In the footsteps of the Durrells
In 1935, the dysfunctional Durrell family — pretentious twentysomething novelist Lawrence, gun-crazy second son Leslie, man-hungry teenager Margo and animal-loving Gerald (who grew up to be the conservationist and author of My Family And Other Animals, based on his time on the island) — upped sticks from chilly England, led by their long-suffering mother, and settled near Corfu Town For a similarly idyllic location, your best bet is to rent a villa in the pretty north-east corner, where The Durrells was filmed. The lovely bay of San Stefano is a perennial favourite with British holidaymakers. Or you could even stay in the apartments at the atmospheric White House in nearby Kalami, where Lawrence wrote.
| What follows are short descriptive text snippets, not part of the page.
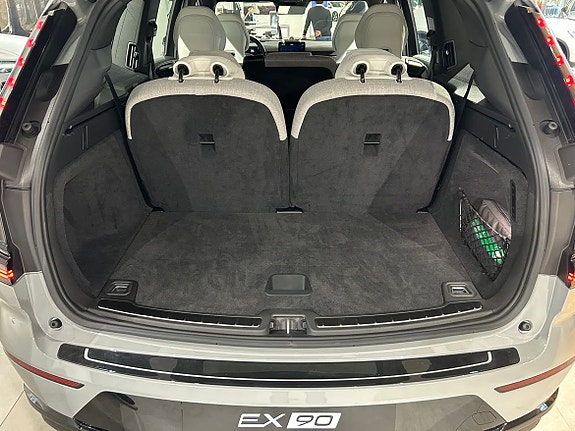 Volvo EX90 10 of 15
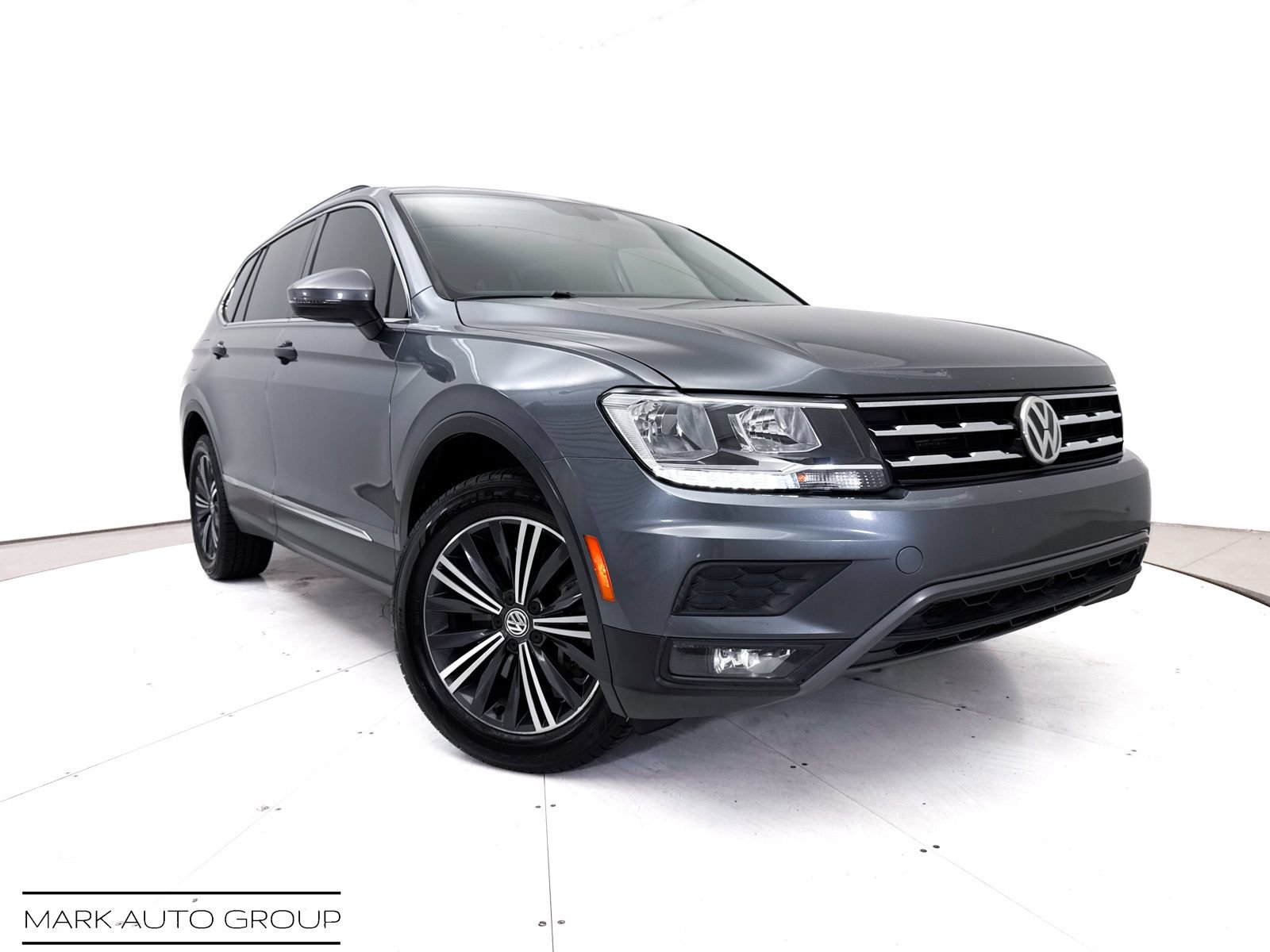 Used 2018 Volkswagen Tiguan SEL AWD/4WD image 1
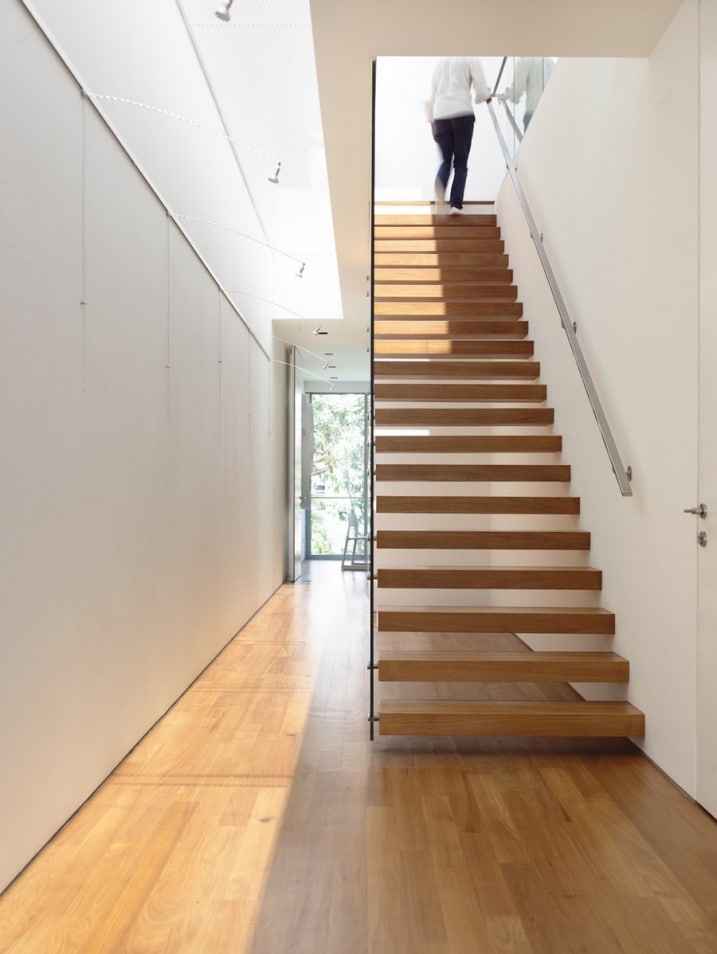 Escalier en bois contemporain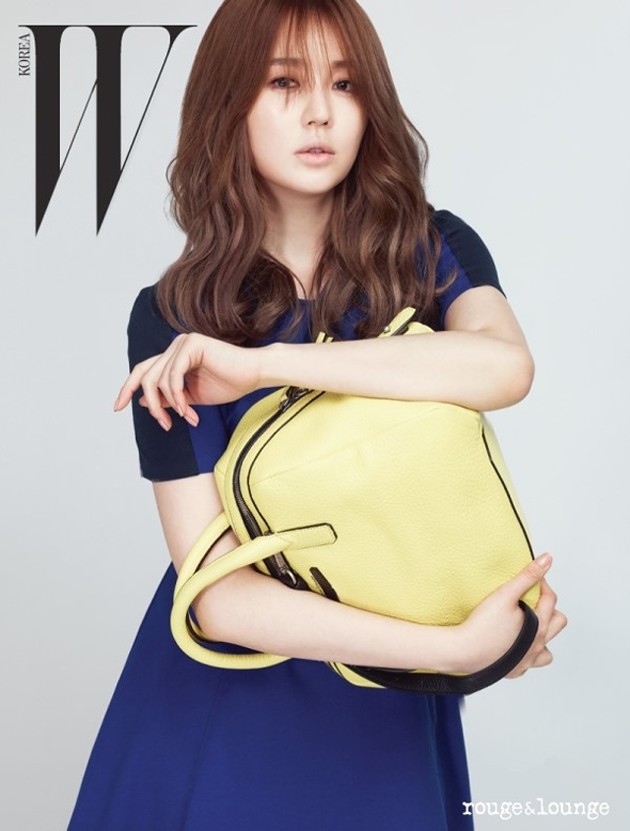 Gambar Foto Yoon Eun Hye di Majalah W Korea Edisi Maret 2013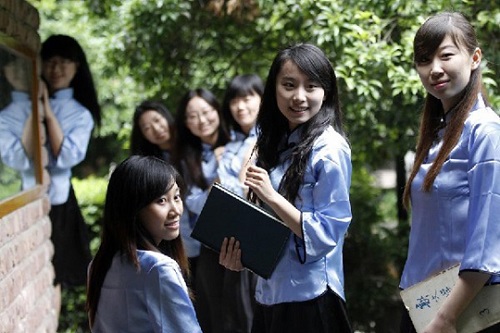 溪口首届武岭<em>女子国学班</em>开学_中国少年国学院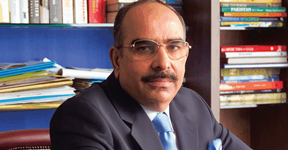 Who is Blackmailer of Malik Riaz?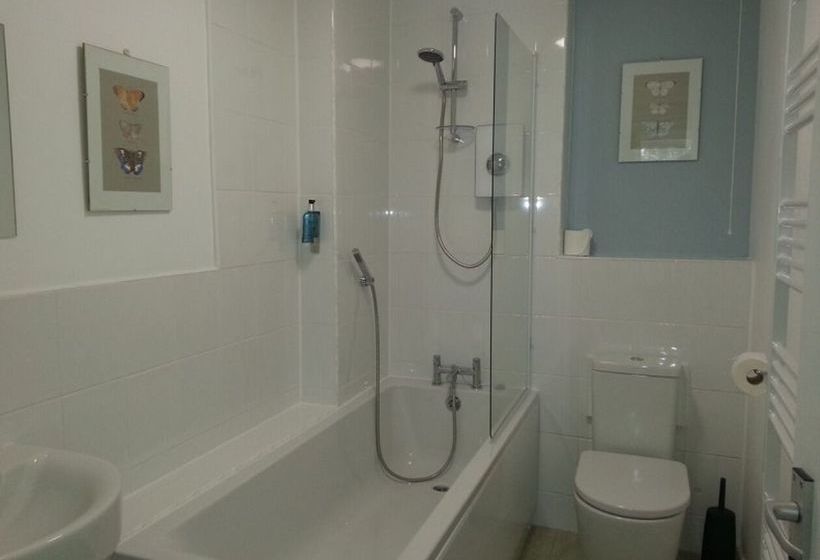 ホテル Little Forest Lodge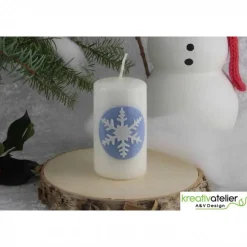 Zauberhaftes Lichtspiel für die Wintermonate: Winterkerze mit Eiskristall / Schneeflocke auf blauem Himmel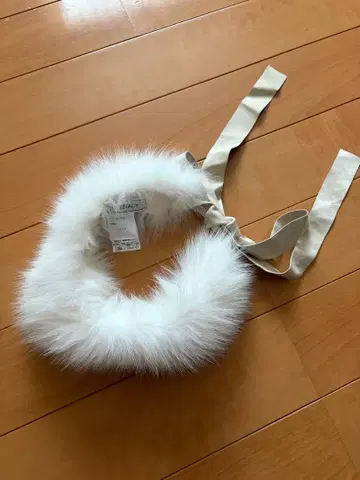 MS GRACY 폭스 탈부착 카라 목도리 퍼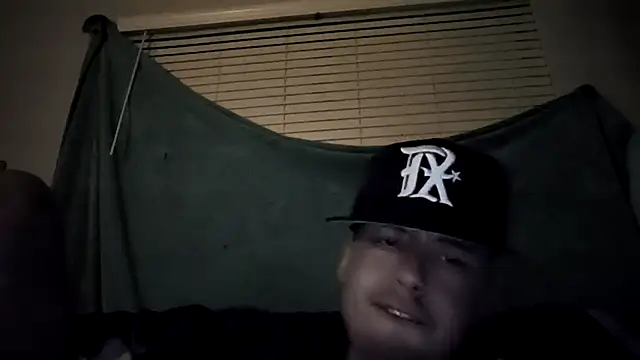 Chat +18 de cloud981g ao vivo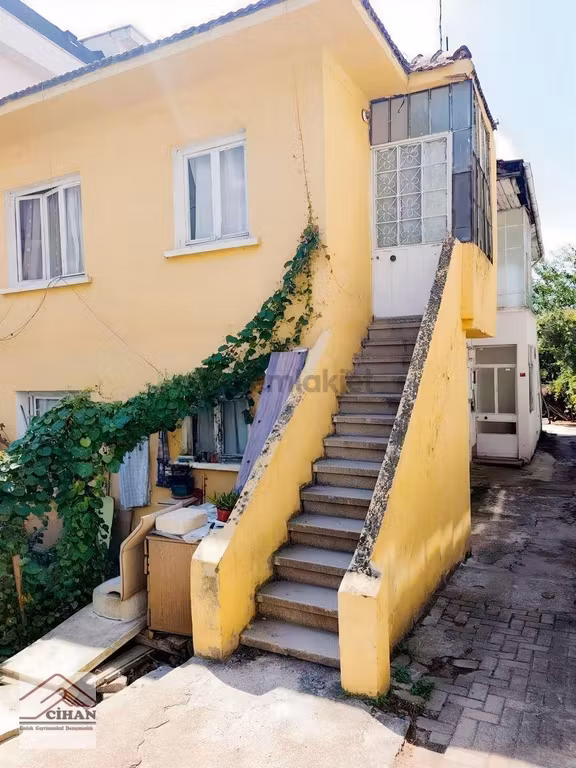 Satılık Müstakil Ev 530 M2 Arsaya Sahip 1
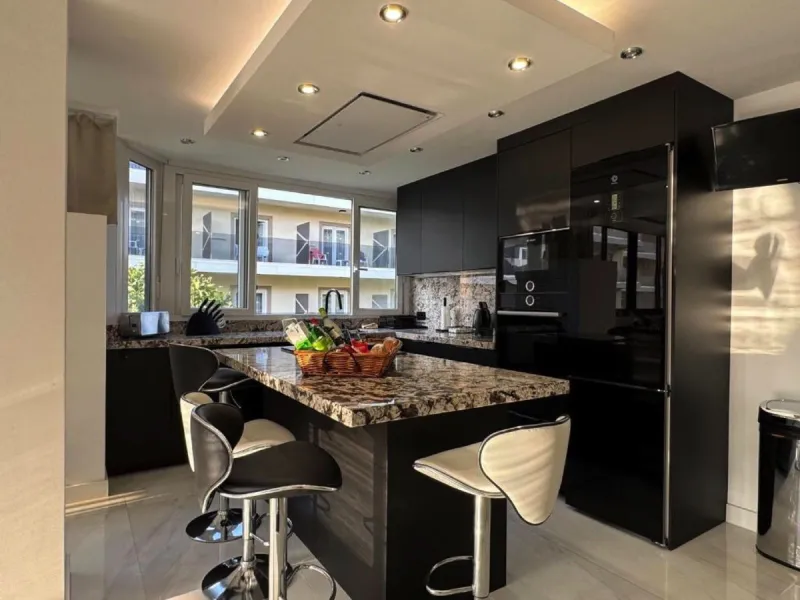 Fully Renovated Tourist Apartment with Legal Licence and High Profitability – Prime Central Location in Marbella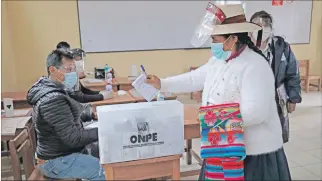  ?? STRINGER / EFE ?? Decisión. Unos 25 millones de electores fueron convocados para votar en Perú para elegir al presidente.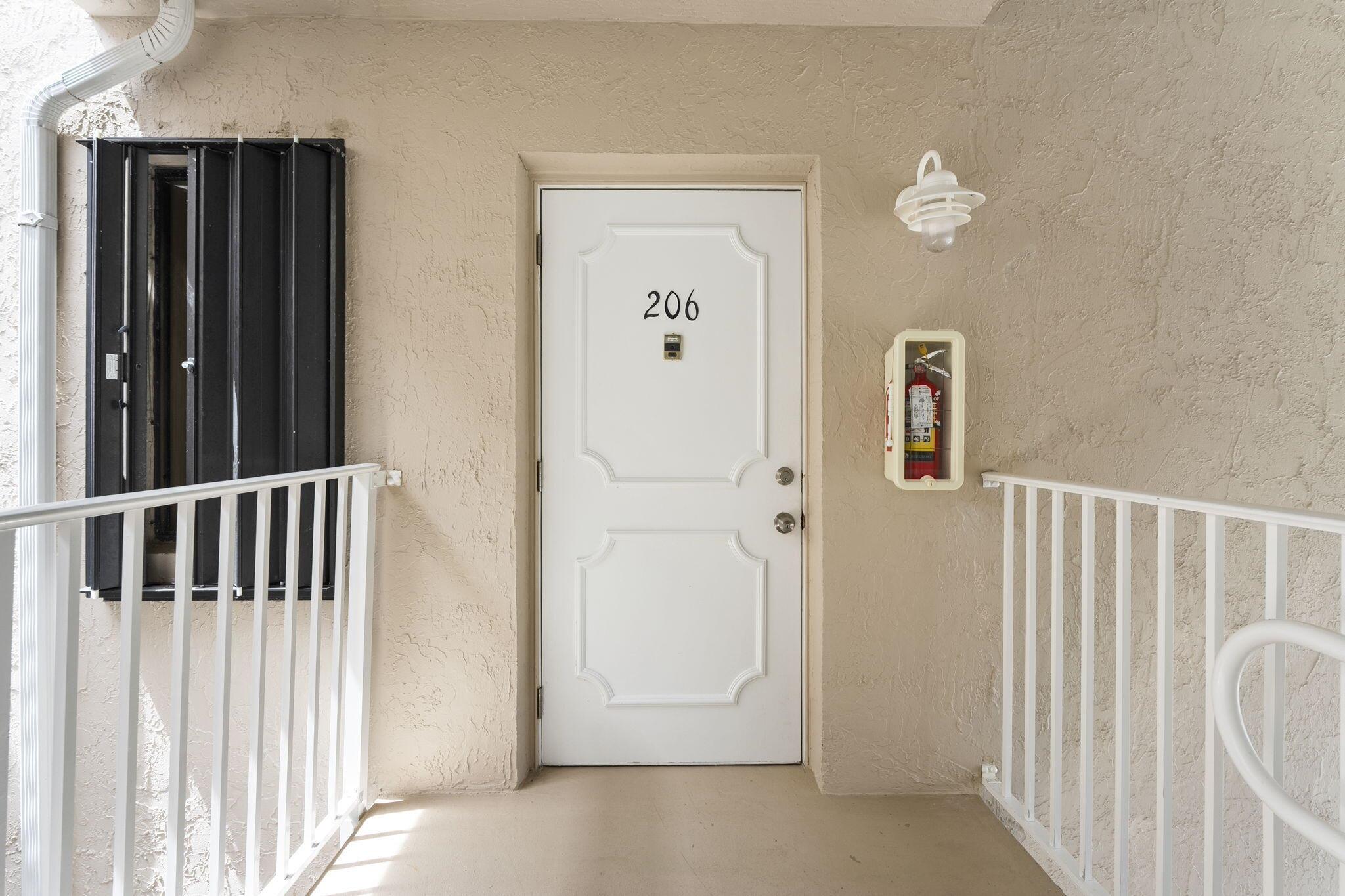 3207 S Lakeview Circle 6206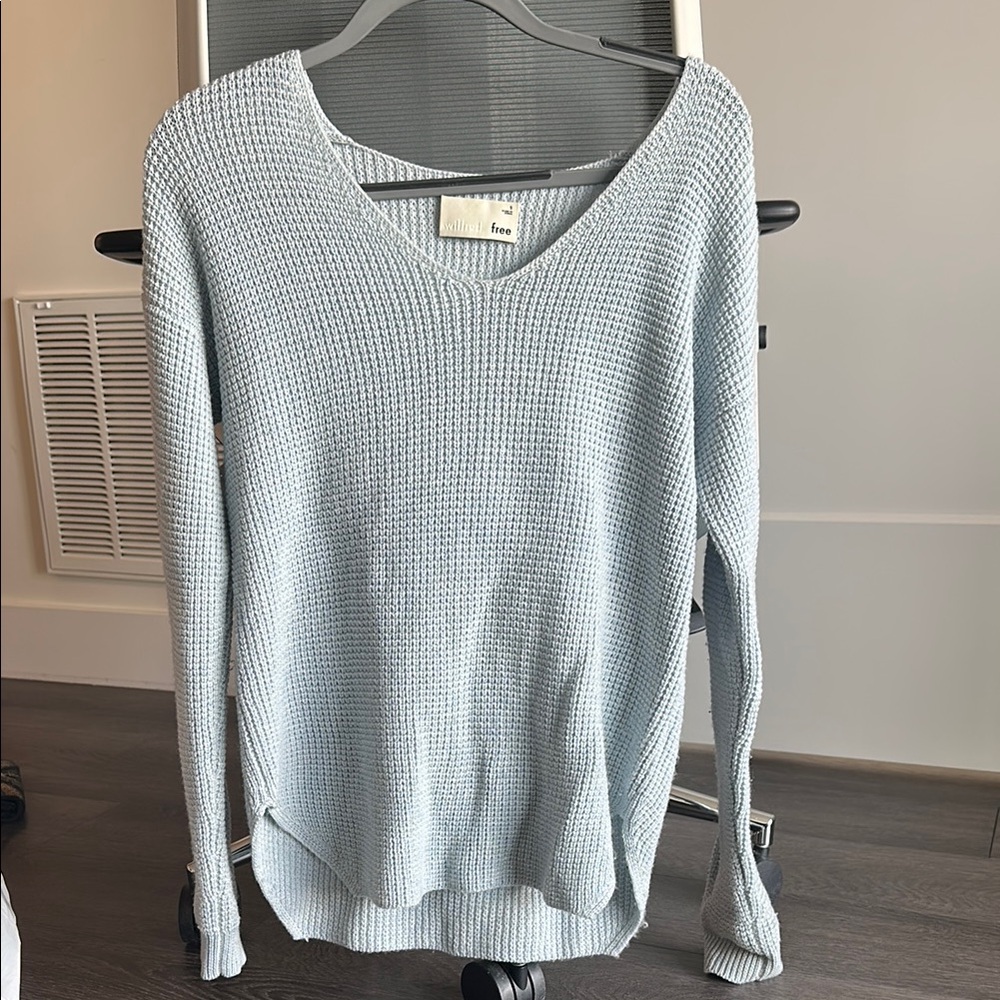 Aritzia Blue V-Neck Sweater Relaxed Fit Ribbed Cuffs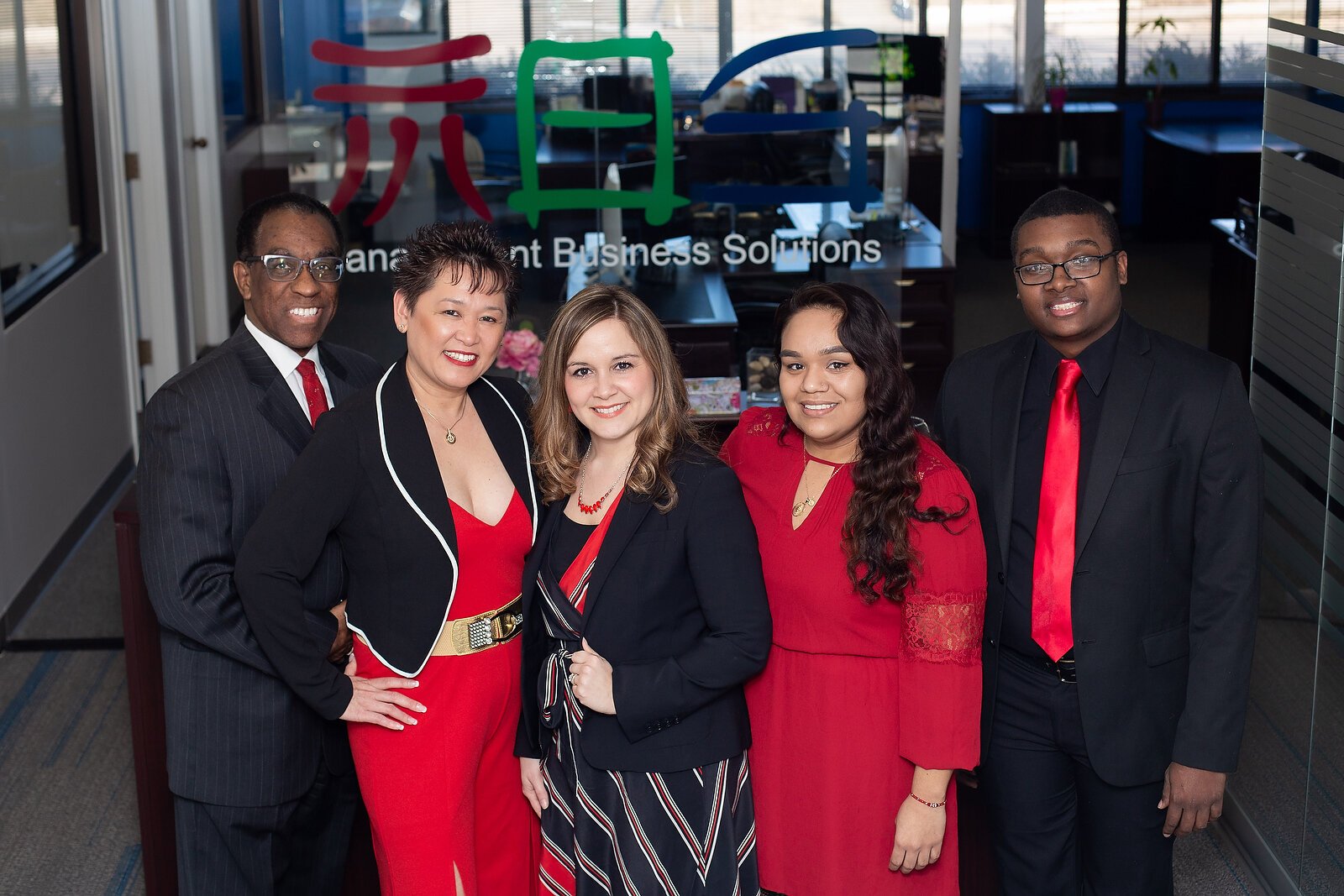Copropietarias de Management Business Solutions Floriza Genautis y Amy Marshall, con Milton Roye Carmela Vargas, y Michael Davis Arnold. Foto cortesÃ­a MBS.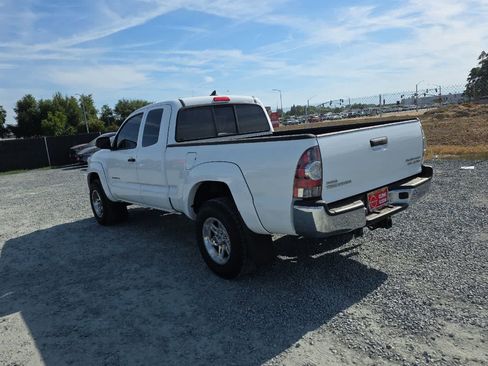 Used 2014 Toyota Tacoma PreRunner w/ SR5 Package RWD image 7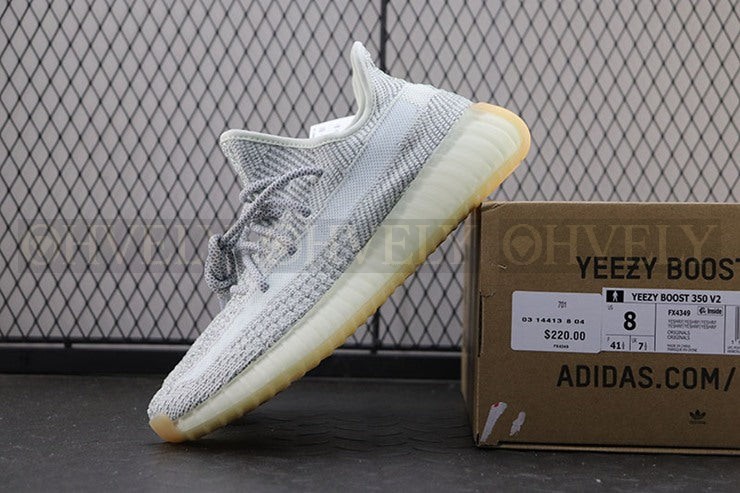 YEEZY 350 V2 예사야 리플렉티브 상품 썸네일
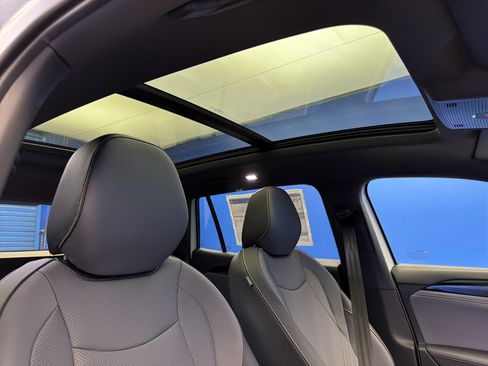 New 2026 Volkswagen Tiguan SE R-Line image 26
If you’re keen to catch sight of a few tortoises of the kind that fascinated young Gerald, visit in late June when they’re at their most active. There’ll be some snakes around then, too. Harmless, most of them. Hiring a motorboat is a must. You could even spot a pod of dolphins, or even a ponderous sea-turtle.
Discover Margo's Bay
One of the island’s prettiest spots for dropping anchor and having a swim is the tiny bay that hosts a little stone shrine to St Arsenios, just south of Agni Bay. This is where Margo sunbathes in the first episode of The Durrells, much to the consternation of the young priest tending the shrine. If you search, you’ll find a sea-level cave there. It’s a shimmering chamber accessed by a corridor in the rock, with a separate underwater exit for the adveturous. Climb up to the shrine, too, for a look. It isn’t manned by any priest, but be warned: you may find a family of baby bats inside, dangling from the ceiling. The shrine is best visited early or late in the day, to avoid the tourist boats that plough in around noon.
A jewel of a town
Too many people arrive in Corfu, get whisked off by taxi to their accommodation, and then hurtle home without ever discovering Corfu Town. This jewel is a unique blend of cultures, which pay testament to the nations that have controlled it during its multifarious history. Where else in Europe can you find a British cricket pitch, in front of a French colonnade of cafes, which gives way to crumbling Italian architecture? It is best reached by boat, rather than by car. For a few euros, you can moor up in Mandracchio harbour, beside the Old Fort. Then climb to the top of the fort and enjoy the magnificent view over the town’s ramshackle rooftops. Afterwards, visit the blackened remains of St Spyridon, Corfu’s patron saint, in the church that bears his name. But the best thing to do in Corfu Town is simply to explore the endless narrow winding streets, housing lovely little bars and shops. If you have time, take your boat a mile or two further south to gaze on Mouse Island and the church of Panagia Vlacherna. But be sure to leave enough time to speed home in daylight.
And don’t miss...
Try to visit Angelokastro, on the west coast near Paleokastritsa. It’s a derelict castle atop a precarious pinnacle of rock, built by the Byzantines. Scan the sea below for rocks in the shape of ships. Legend has it that the sea-god Poseidon punished the locals for helping his enemy Odysseus by petrifying one of their vessels. Then there’s Old Peirithia, near the north coast, an abandoned village dotted with tumbledown churches.